That involves bringing within the conception something capable of being framed,
devised or formed. Those are not words which are usually or conveniently
applied to what at the end of the day is intended to be a field, with some
trees in it, with a lightly domed contour.

The next
alternative offered is ‘erection, building’. That seems to me to be the one
which is most convenient to import into this section to give it the natural
meaning that one would expect; and that is very much what the learned judge has
adopted, slightly extending the ordinary conception of ‘erection’ or ‘building’
to works built upon the land, even though themselves not often or conveniently
described as a building, such as a concrete platform or a road.

Then one has a
rather more abstract conception: ‘the art or science of constructing; the
manner in which a thing is constructed or formed’. It is the ‘work of
construction’ which is under consideration as a composite phrase and, as
counsel says — I think rightly — one is entitled to assist oneself with the
interpretation of that phrase by looking at the definition of the word
‘construct’, because the work of construction is really the work which is done
when one constructs.
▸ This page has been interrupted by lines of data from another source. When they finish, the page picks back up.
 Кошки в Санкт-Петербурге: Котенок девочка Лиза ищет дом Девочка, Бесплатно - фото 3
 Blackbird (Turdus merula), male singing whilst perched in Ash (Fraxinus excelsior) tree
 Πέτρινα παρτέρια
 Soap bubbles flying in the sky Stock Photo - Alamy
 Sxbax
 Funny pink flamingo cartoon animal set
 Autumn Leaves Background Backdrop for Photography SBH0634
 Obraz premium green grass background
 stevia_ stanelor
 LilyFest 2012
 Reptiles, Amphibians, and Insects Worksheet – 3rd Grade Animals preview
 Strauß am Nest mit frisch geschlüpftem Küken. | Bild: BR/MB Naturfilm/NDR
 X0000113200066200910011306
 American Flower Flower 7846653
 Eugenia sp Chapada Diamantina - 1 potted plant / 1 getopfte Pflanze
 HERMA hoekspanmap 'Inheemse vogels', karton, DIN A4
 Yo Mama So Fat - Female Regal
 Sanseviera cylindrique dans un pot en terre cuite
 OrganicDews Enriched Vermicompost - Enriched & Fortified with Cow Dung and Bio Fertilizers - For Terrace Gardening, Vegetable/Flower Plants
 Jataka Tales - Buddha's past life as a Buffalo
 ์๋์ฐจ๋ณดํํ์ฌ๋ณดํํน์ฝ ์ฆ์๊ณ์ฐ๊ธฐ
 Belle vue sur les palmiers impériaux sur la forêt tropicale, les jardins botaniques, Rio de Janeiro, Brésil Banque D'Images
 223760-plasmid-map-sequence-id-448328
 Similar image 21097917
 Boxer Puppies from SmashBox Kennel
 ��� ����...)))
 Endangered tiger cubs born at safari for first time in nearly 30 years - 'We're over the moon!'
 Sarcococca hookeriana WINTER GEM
If one looks at that, what does one find? — ‘to
make or form by fitting the parts together; to frame, build’, again more
conveniently used to describe the bringing into existence of some structure
than the altering of the shape or, to some extent, the composition of a field.

Chambers’
Dictionary
throws up very much the same sort of
result. Under ‘construction’ one has: ‘the act of constructing anything piled
together; building’; and the word ‘construct’ is: ‘to build up; to compile; to
put together the parts of; to make; to compose’. If one said ‘What is it that
the county council intends to construct?’, what would the answer be? For my
part, I think it would be that they do not intend to construct anything; they
are merely altering, by putting waste in the middle and some topsoil and grass
on the top, the shape of it, and giving a slightly new composition to this
field. But for them to say ‘We intend to construct a domed field with some
trees’ seems to me to be language of a most artificial kind.

When one reads
— there is not very much to read — the authorities, it seems to me the learned
judge was right in relying on what Diplock LJ said in the case of Housleys
Ltd
v Bloomer-Holt Ltd [1966] 1 WLR 1244, in the Court of Appeal, as
being helpful to his act of interpretation. It seems to me that if a field
which is unaffected by the erection of any structure or building is incapable
of being reconstructed because it does not itself represent a construction, one
has a valuable clue to the meaning of the phrase, because it would be an
extremely artificial and capricious result, if the opposite would obtain, if
that field had happened to be deliberately seeded with grass seed, or had been
ploughed and sown with some other crop. If one is to take as the proper
interpretation of ‘construction’ the act of putting things together, or to use
the word ‘construct’ as a verb to describe putting things together, one has an
entirely speculative result in distinguishing between two things which are not
inherently different for the purpose of construing a workaday statute; and
that, in my view, would be a wrong way to construe it. Nor would that be helped
if one added to the conceptual definition the requirement that there should be
a plan or design to work to, because if one envisages a case in which land is
turned over and planted with a pasture crop, or something similar, in order to
conform to what is thought to be an amenable landscape effect, taken in
conjunction with the neighbouring hedges and trees, the result is merely
speculative and no less capricious.

I would
dismiss this appeal.

SHELDON J
agreed and did not add anything.

The appeal
was dismissed with costs. Leave to appeal to the House of Lords was refused.